Impulsiva e insegura, Vera encerra tragicamente sua história com Rímini após um beijo de Sofia que ele tentou evitar. Mas neste instante, já surgira a paixão por Carmen (Ana Celentano), tradutora como ele, bonita, inteligente e que lhe dará um filho. A mulher perfeita para um homem que ainda sente falta de algo.

As dores, os conflitos internos e a relação mal resolvida causam um bloqueio que o faz esquecer as línguas que traduz. Mas Sofia teima em reaparecer como um fantasma. Mais do que isso, ela se torna um karma que o joga no abismo mais uma vez.

Sofia precisa que Rímini cumpra o que acha ser seu destino. Por isso o destrói a cada vez que ele tenta se reerguer. Na última vez que o tira da sarjeta, Rímini se rende e volta para ela. Só para resolver pendências passadas.

“O Passado” é um drama sobre escolhas e maneiras de seguir em frente após uma dor profunda. Na câmera de Babenco, o olhar, as minúcias da face e o silêncio são valorizados como diálogos do roteiro. E nisso ele tem como aliado o excelente ator que é Gael García Bernal.

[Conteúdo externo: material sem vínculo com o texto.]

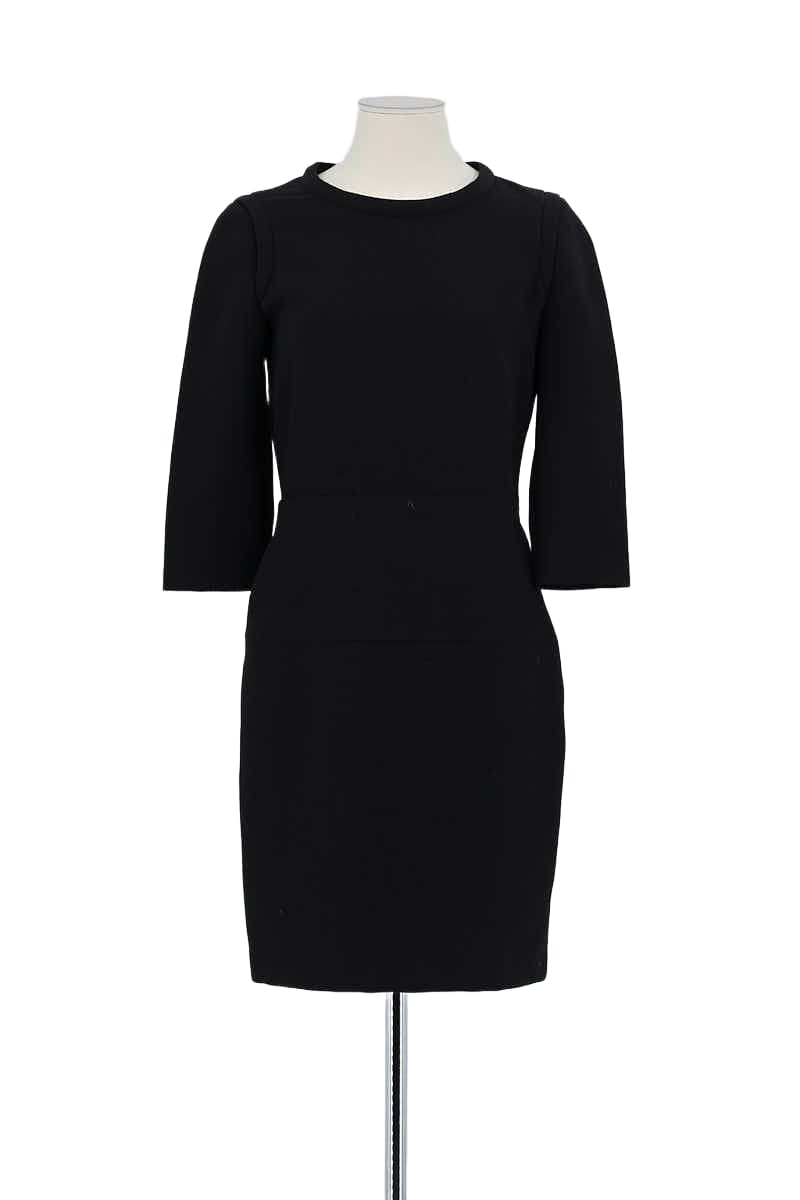 Robe Claudie Pierlot  Noir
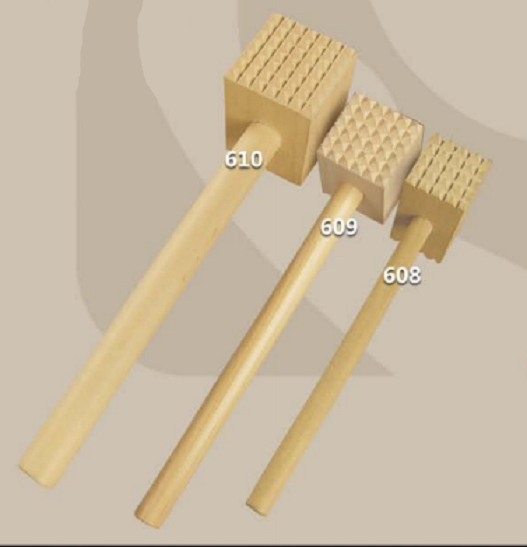 BATE BIFENº0 3,5 X 3,5 X 6CM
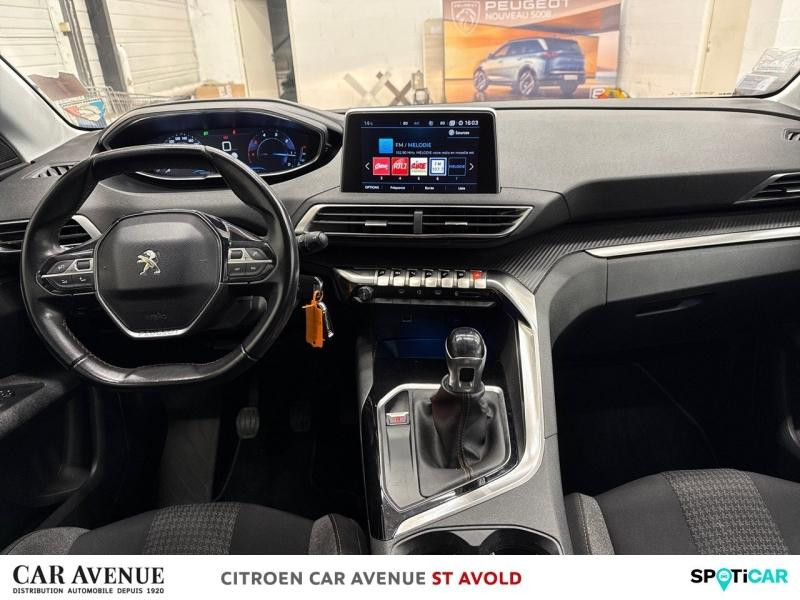 Used PEUGEOT 3008 1.6 BlueHDi 120ch Allure S&S 2017 Gris Amazonite (M) € 15190 in Longeville-lès-Saint-Avold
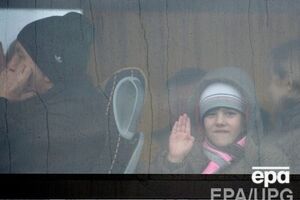 Число беженцев постоянно растет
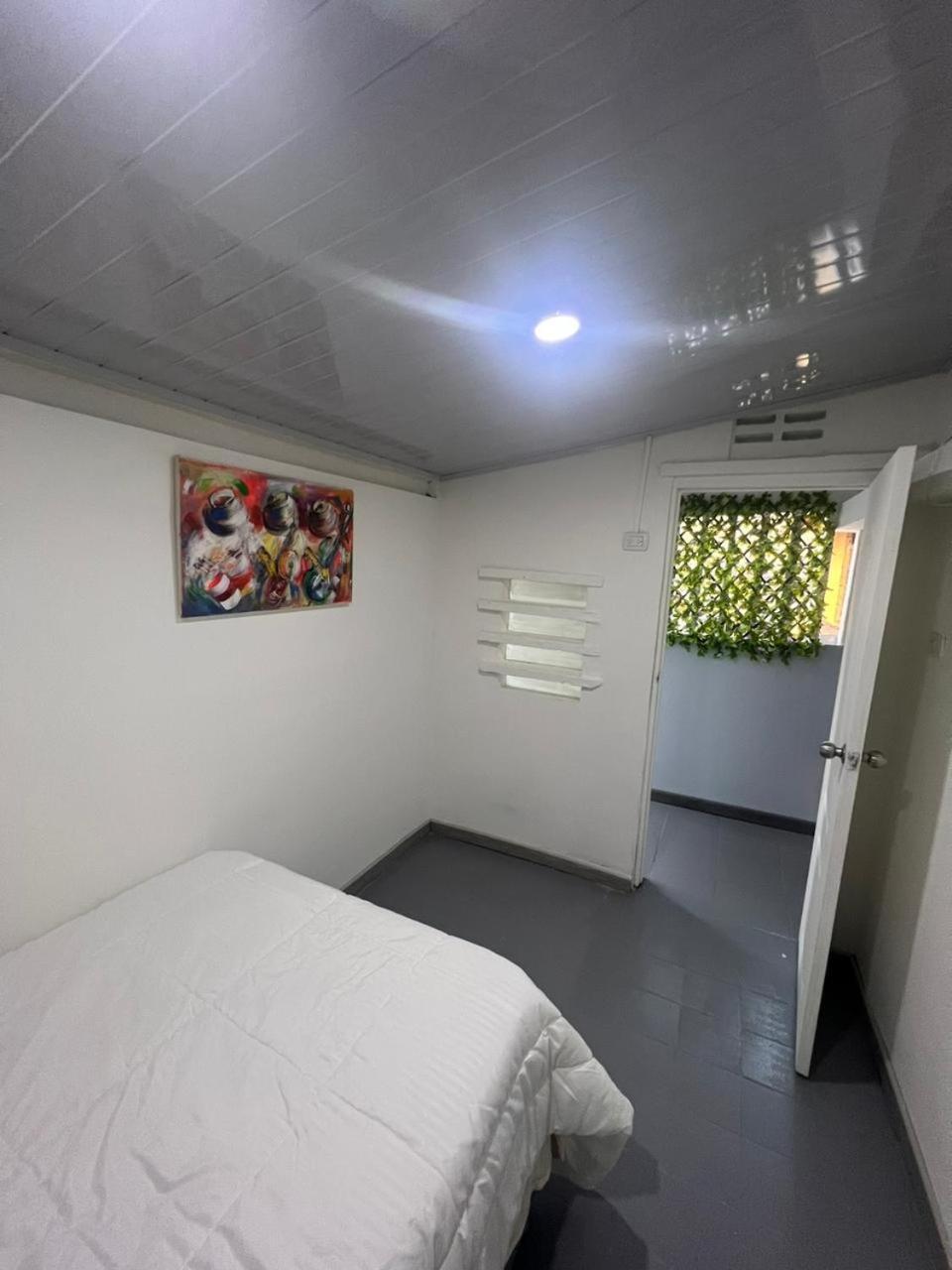 Hostal Casa Jardin Cartagena エクステリア 写真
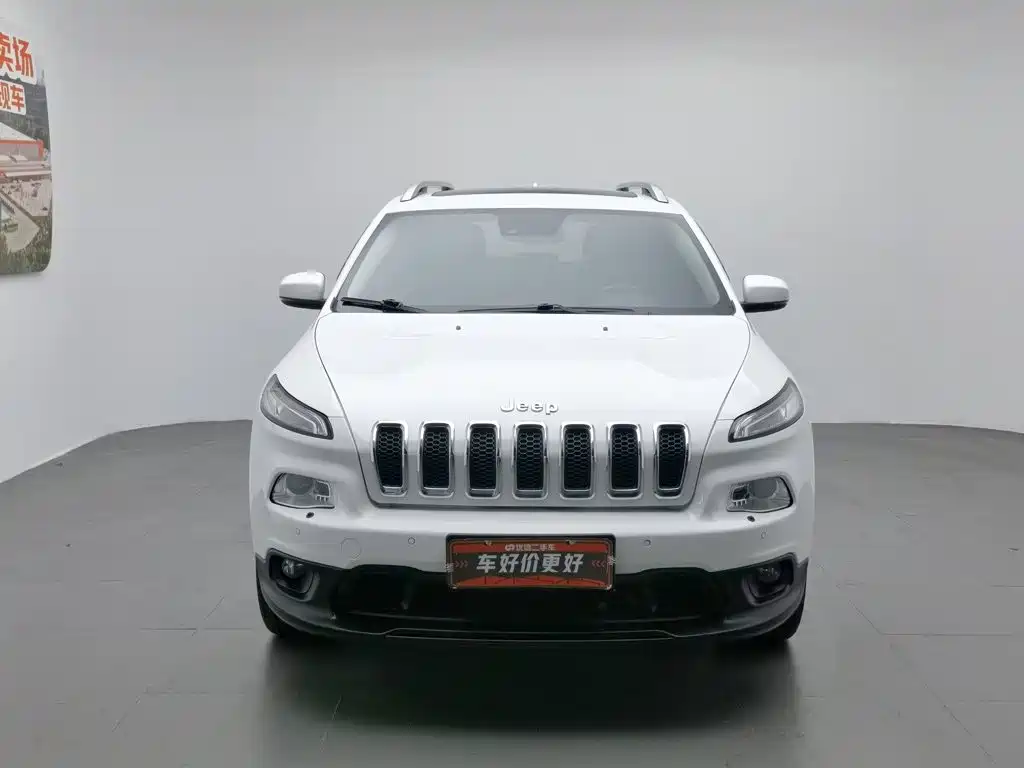 Jeep Cherokee 2014 — фото 3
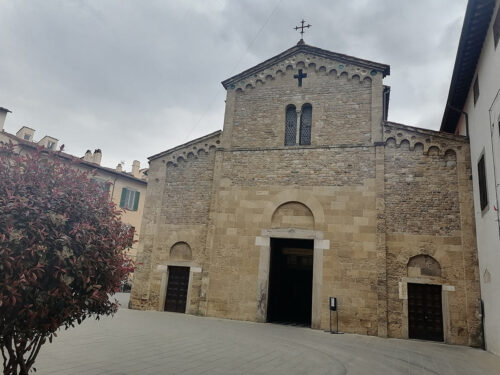 Iglesia de San Sixto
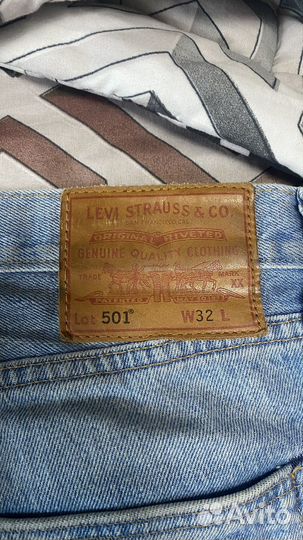 Шорты Levis 501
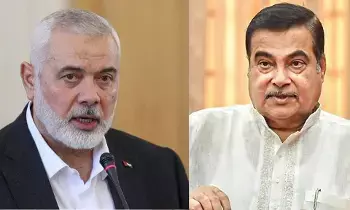 Nitin Gadkari: హమాస్ చీఫ్ హనియా హత్యకు గంటల ముందే కలిశా.. షాక్ అయ్యా: నితిన్ గడ్కరీ Nitin Gadkari: హమాస్ చీఫ్ హనియా హత్యకు గంటల ముందే కలిశా.. షాక్ అయ్యా: నితిన్ గడ్కరీ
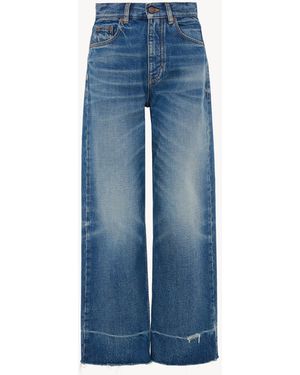 Chloé Wide Jeans - Blue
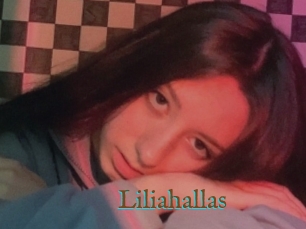 Liliahallas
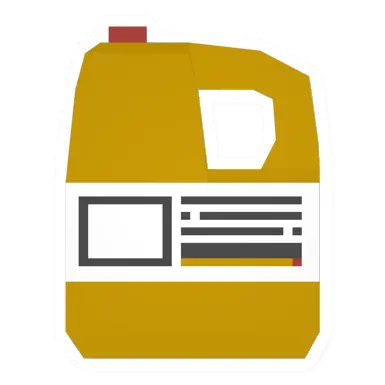 Unturned Engine Oil supply icon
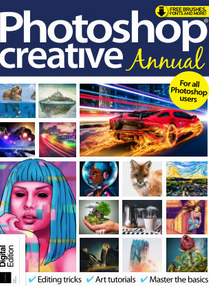 Future’s Series: Photoshop Creative Annual Vol 4, 2019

O versátil Gael, que já foi um padre que se apaixona e engravida uma jovem em “O Crime do Padre Amaro” (2002), de Carlos Carrera, um homossexual em “A má educação” (2004), de Almodóvar, e o jovem revolucionário Ernesto Che Guevara em “Diários de Motocicleta” (2004), de Walter Salles, dá a Rímini uma alma vazia, perdida em futilidades ao mesmo tempo em que sente a angústia de encontrar uma saída.

Sem dúvida é um de seus melhores trabalhos e “O Passado” é um de seus melhores filmes. Uma película densamente maravilhosa de apreciar graças à confluência de talentos nela mostrada.